> _Problem description_: From the line that has "Salvage Chrysler Pacifica" down to the last line of the data below, set down every line exactly, but none of the pictures.

━━━ Provided data ━━━

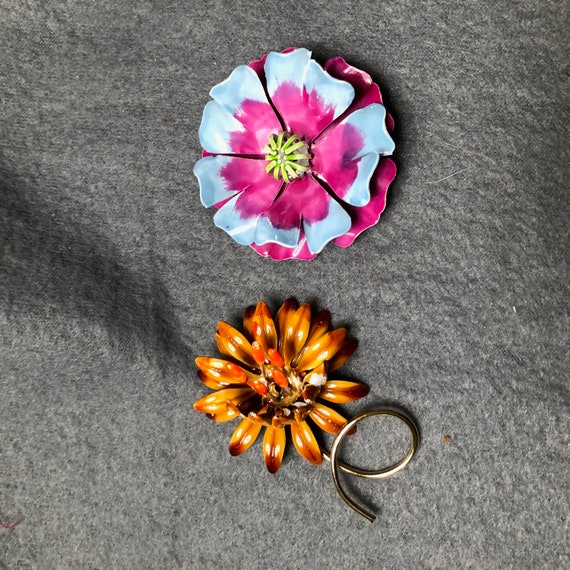 Flower brooch pair,  vintage flower pin, costume … - image 1
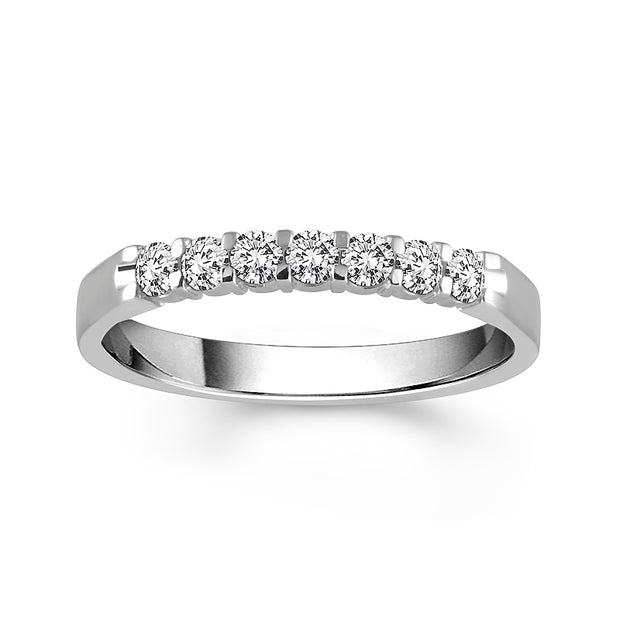 7 STONE DIAMOND WEDDING BAND (.25CTTW)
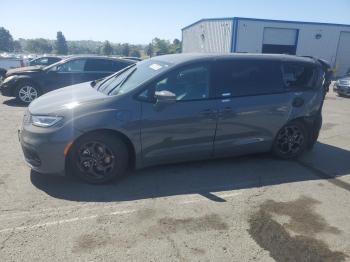  Salvage Chrysler Pacifica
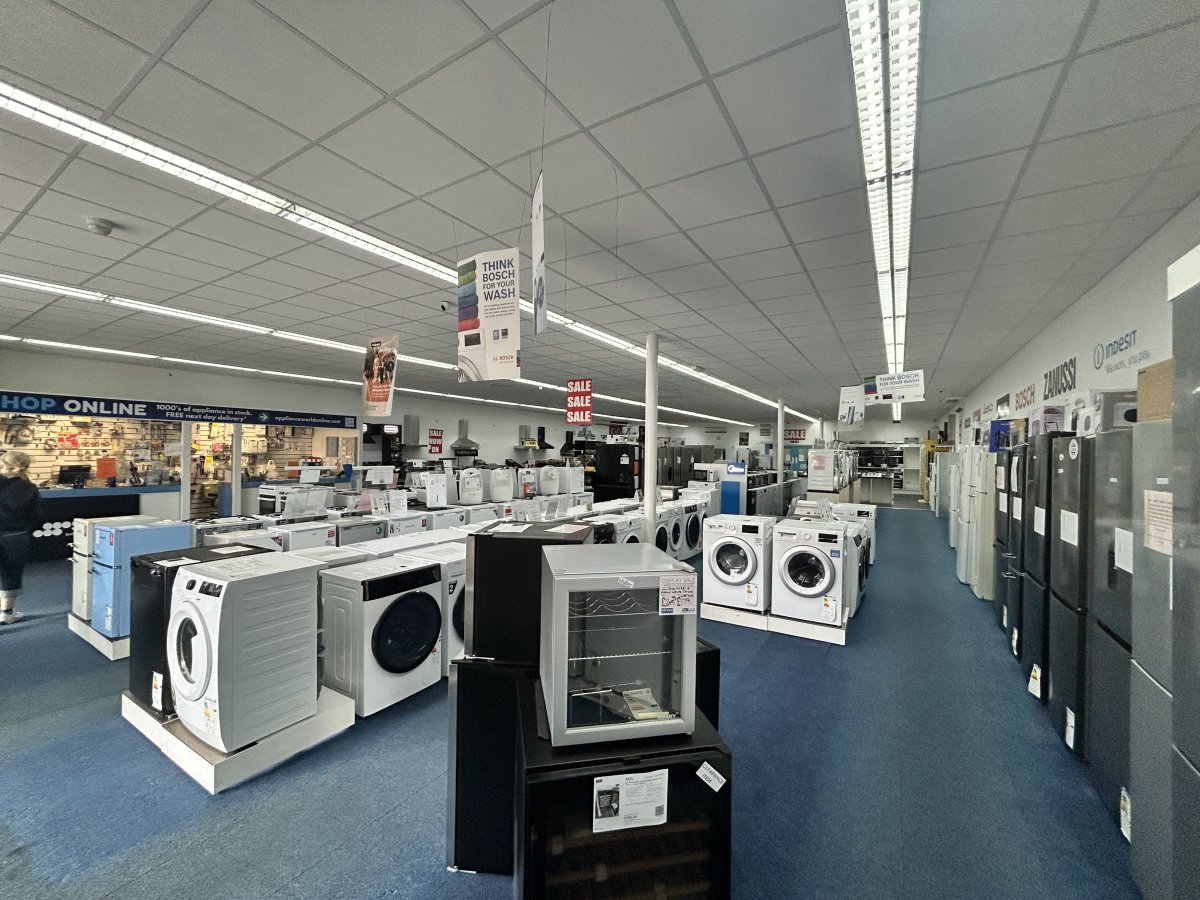 Retail/Shop in Urmston - photo 4
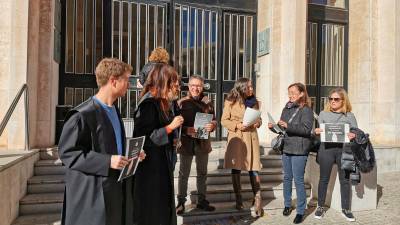 Los letrados concentrados hoy ante el Palau de Justícia de Tarragona. Foto: Àngel Juanpere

━━━

> _Written answer_:
  Salvage Chrysler Pacifica
 Retail/Shop in Urmston - photo 4
 Los letrados concentrados hoy ante el Palau de Justícia de Tarragona. Foto: Àngel Juanpere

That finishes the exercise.